## WHAT THE EXERCISE ASKS
A faithful copy of the entries is required, with no images in it.

## ENTRIES PROVIDED

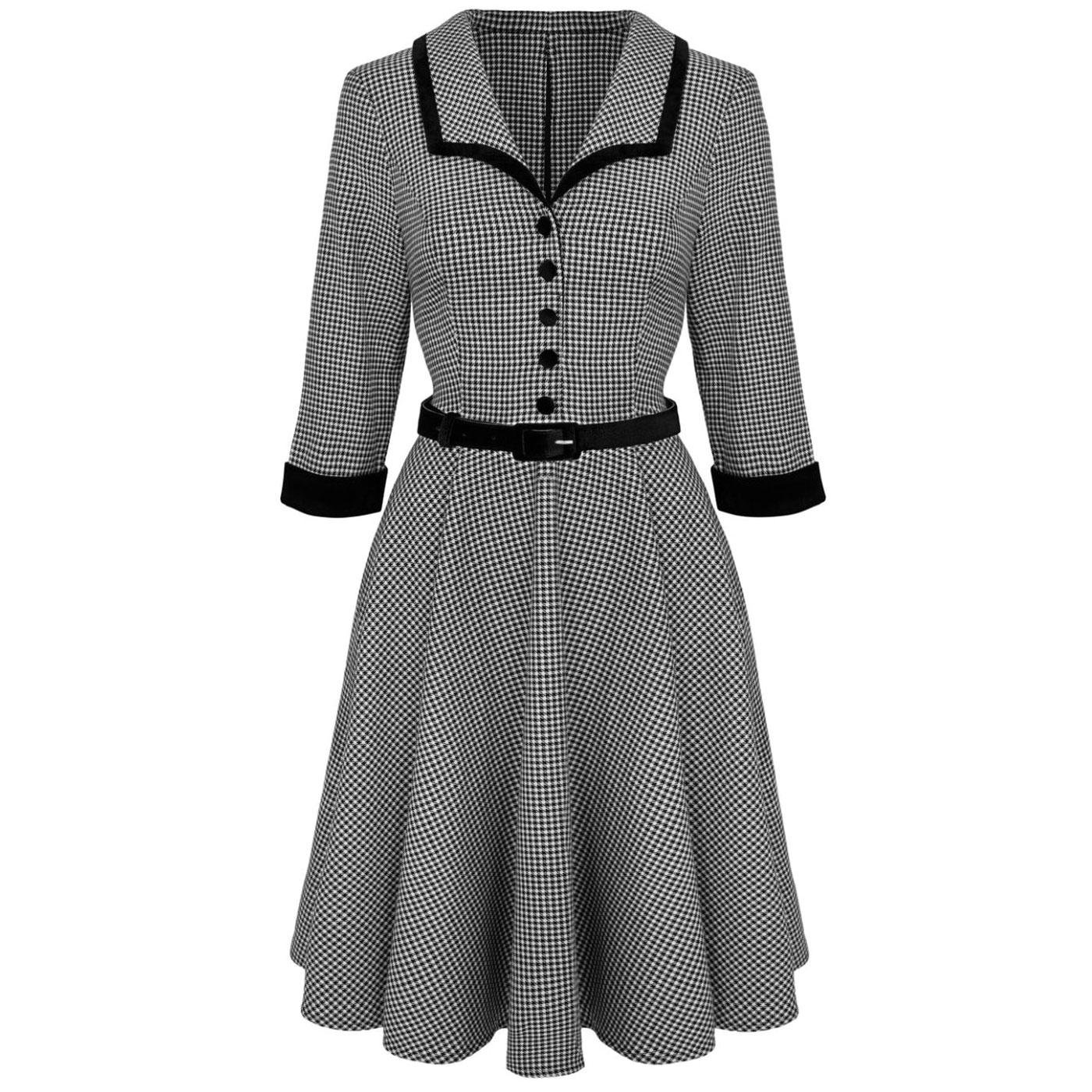 Teddy Hell Bunny Retro Houndstooth Flared Dress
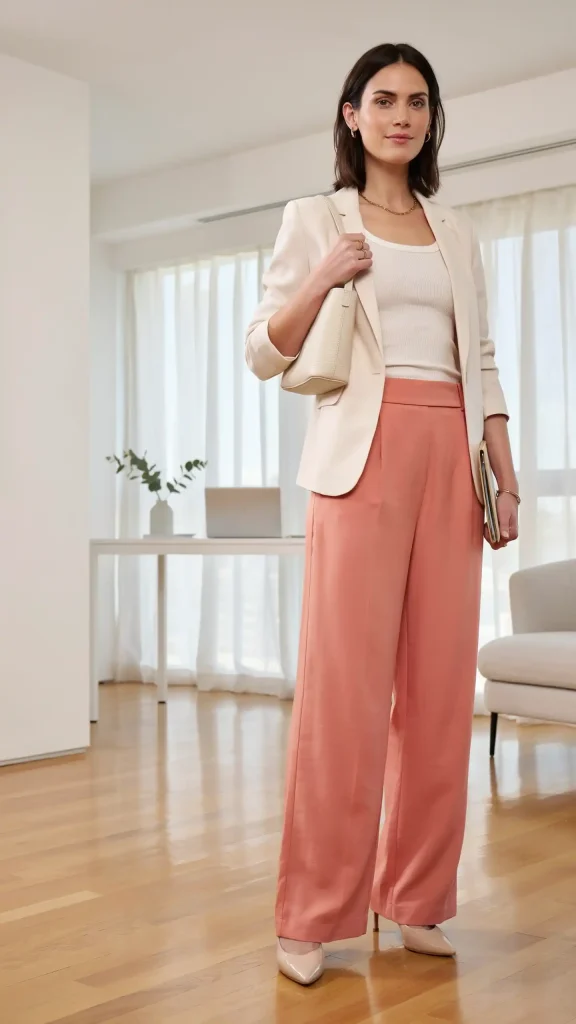 Coral-Linen-Pants-Outfit-Styled-with-Ivory-Ribbed-Tank-and-Blazer Coral Styled Linen Pants with Ivory Ribbed Tank and Blazer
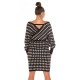 Rochie tricotata, midi, bej-negru, petrecuta, cu maneca lunga, Luiza Rochie tricotata, midi, bej-negru, petrecuta, cu maneca lunga, Luiza 3 - dyandra.ro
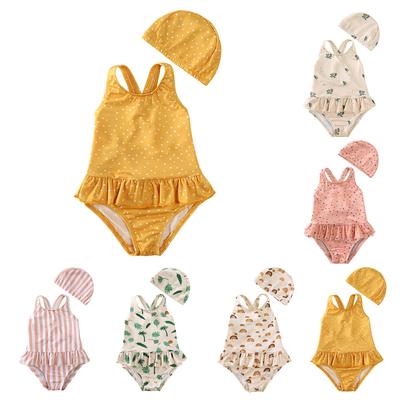 Children Cute Baby Backless Fashion One-piece Swimsuit Swimsuit Cap Two-piece Set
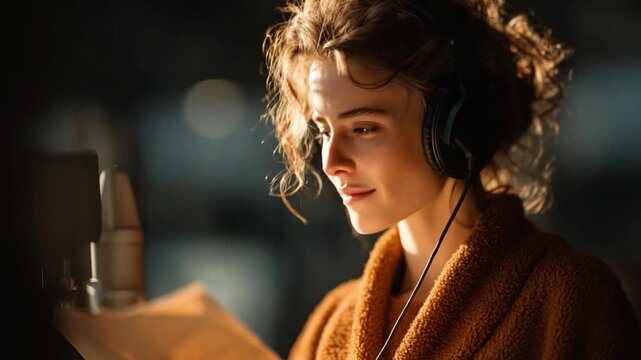 Captivating Audio Recording: A focused woman immersed in her work, wearing headphones and reading a script in a professional studio setting.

## FINISHED EXERCISE
 Teddy Hell Bunny Retro Houndstooth Flared Dress
 Coral-Linen-Pants-Outfit-Styled-with-Ivory-Ribbed-Tank-and-Blazer Coral Styled Linen Pants with Ivory Ribbed Tank and Blazer
 Rochie tricotata, midi, bej-negru, petrecuta, cu maneca lunga, Luiza Rochie tricotata, midi, bej-negru, petrecuta, cu maneca lunga, Luiza 3 - dyandra.ro
 Children Cute Baby Backless Fashion One-piece Swimsuit Swimsuit Cap Two-piece Set
 Captivating Audio Recording: A focused woman immersed in her work, wearing headphones and reading a script in a professional studio setting.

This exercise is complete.